Detecting Anatomical and Functional Connectivity Relations in Biomedical Literature via Language Representation Models
Ibrahim Burak Ozyurt
Proceedings of the Second Workshop on Scholarly Document Processing
Understanding of nerve-organ interactions is crucial to facilitate the development of effective bioelectronic treatments. Towards the end of developing a systematized and computable wiring diagram of the autonomic nervous system (ANS), we introduce a curated ANS connectivity corpus together with several neural language representation model based connectivity relation extraction systems. We also show that active learning guided curation for labeled corpus expansion significantly outperforms randomly selecting connectivity relation candidates minimizing curation effort. Our final relation extraction system achieves F1 = 72.8% on anatomical connectivity and F1 = 74.6% on functional connectivity relation extraction.
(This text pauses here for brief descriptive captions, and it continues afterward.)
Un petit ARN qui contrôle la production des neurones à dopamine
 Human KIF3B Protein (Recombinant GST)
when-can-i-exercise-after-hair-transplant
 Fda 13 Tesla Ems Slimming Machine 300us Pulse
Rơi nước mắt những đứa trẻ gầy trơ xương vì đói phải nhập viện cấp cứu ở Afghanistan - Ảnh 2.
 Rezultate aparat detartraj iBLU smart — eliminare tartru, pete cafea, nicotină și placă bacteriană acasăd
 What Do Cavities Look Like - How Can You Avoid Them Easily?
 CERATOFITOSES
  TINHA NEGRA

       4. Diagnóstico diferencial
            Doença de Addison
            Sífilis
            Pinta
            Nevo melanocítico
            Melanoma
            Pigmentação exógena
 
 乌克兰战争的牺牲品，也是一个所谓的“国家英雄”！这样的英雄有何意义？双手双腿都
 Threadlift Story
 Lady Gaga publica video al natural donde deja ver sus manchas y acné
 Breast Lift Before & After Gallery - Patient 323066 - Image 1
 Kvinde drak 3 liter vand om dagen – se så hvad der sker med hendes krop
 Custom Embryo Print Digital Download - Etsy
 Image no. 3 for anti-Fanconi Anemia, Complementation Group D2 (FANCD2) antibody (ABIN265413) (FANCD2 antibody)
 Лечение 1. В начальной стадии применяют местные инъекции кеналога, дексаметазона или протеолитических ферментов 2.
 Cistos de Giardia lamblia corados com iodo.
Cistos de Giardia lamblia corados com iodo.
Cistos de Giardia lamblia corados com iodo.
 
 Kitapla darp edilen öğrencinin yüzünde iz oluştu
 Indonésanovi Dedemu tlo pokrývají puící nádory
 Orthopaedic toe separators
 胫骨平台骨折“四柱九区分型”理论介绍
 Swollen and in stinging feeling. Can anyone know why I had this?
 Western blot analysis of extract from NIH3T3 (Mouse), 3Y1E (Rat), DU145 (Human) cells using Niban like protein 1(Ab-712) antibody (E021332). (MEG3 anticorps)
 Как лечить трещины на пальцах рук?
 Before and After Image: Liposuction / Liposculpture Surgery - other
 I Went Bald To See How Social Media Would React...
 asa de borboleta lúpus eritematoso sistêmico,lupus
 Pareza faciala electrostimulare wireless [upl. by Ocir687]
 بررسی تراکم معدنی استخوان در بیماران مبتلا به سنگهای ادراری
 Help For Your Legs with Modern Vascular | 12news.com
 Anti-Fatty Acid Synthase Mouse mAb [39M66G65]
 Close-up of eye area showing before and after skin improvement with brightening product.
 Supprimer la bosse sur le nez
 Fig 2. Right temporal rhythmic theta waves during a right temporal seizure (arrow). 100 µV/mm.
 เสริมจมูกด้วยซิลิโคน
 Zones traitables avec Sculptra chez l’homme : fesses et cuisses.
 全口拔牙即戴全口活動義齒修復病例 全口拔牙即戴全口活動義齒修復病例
On the effectiveness of small, discriminatively pre-trained language representation models for biomedical text mining
Ibrahim Burak Ozyurt
Proceedings of the First Workshop on Scholarly Document Processing
Neural language representation models such as BERT have recently shown state of the art performance in downstream NLP tasks and bio-medical domain adaptation of BERT (Bio-BERT) has shown same behavior on biomedical text mining tasks. However, due to their large model size and resulting increased computational need, practical application of models such as BERT is challenging making smaller models with comparable performance desirable for real word applications. Recently, a new language transformers based language representation model named ELECTRA is introduced, that makes efficient usage of training data in a generative-discriminative neural model setting that shows performance gains over BERT. These gains are especially impressive for smaller models. Here, we introduce two small ELECTRA based model named Bio-ELECTRA and Bio-ELECTRA++ that are eight times smaller than BERT Base and Bio-BERT and achieves comparable or better performance on biomedical question answering, yes/no question answer classification, question answer candidate ranking and relation extraction tasks. Bio-ELECTRA is pre-trained from scratch on PubMed abstracts using a consumer grade GPU with only 8GB memory. Bio-ELECTRA++ is the further pre-trained version of Bio-ELECTRA trained on a corpus of open access full papers from PubMed Central. While, for biomedical named entity recognition, large BERT Base model outperforms Bio-ELECTRA++, Bio-ELECTRA and ELECTRA-Small++, with hyperparameter tuning Bio-ELECTRA++ achieves results comparable to BERT.